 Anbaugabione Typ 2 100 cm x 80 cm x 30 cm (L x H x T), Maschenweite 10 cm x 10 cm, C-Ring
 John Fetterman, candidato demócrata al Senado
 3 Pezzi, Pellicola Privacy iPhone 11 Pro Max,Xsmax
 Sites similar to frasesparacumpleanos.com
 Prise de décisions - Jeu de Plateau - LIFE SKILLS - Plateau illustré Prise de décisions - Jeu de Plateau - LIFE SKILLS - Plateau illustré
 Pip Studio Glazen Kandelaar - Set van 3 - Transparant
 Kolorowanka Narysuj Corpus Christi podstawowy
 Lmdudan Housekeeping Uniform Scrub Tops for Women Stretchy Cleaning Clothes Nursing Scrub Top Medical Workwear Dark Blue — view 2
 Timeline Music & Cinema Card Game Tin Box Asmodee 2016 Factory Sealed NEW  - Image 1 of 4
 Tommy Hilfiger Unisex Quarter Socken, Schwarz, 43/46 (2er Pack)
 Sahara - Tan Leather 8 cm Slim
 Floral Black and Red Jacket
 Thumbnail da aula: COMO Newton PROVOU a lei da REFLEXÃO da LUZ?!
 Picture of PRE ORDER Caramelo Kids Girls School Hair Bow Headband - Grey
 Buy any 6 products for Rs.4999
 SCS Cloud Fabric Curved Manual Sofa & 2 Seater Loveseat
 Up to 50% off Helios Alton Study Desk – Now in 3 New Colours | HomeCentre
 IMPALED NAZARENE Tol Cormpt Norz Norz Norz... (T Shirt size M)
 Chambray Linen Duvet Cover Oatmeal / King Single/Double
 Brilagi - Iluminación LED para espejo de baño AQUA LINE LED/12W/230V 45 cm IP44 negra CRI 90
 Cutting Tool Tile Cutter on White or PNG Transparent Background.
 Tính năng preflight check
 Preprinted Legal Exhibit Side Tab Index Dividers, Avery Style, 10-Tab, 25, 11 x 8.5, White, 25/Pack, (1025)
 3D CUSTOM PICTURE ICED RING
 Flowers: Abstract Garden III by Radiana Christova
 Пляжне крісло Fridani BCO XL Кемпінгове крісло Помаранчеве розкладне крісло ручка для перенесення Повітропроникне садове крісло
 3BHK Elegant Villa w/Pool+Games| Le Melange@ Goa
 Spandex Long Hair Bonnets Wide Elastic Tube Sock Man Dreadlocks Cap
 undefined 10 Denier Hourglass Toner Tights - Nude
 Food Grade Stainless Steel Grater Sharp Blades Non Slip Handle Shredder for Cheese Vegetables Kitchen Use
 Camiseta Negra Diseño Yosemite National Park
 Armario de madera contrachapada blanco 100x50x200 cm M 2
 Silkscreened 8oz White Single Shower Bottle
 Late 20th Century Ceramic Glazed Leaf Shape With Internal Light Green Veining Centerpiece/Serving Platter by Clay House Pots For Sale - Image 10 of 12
•••
(The problem): Every line above that holds the string "Hair" should be returned.

(Exercise answer):
 Picture of PRE ORDER Caramelo Kids Girls School Hair Bow Headband - Grey
 Spandex Long Hair Bonnets Wide Elastic Tube Sock Man Dreadlocks Cap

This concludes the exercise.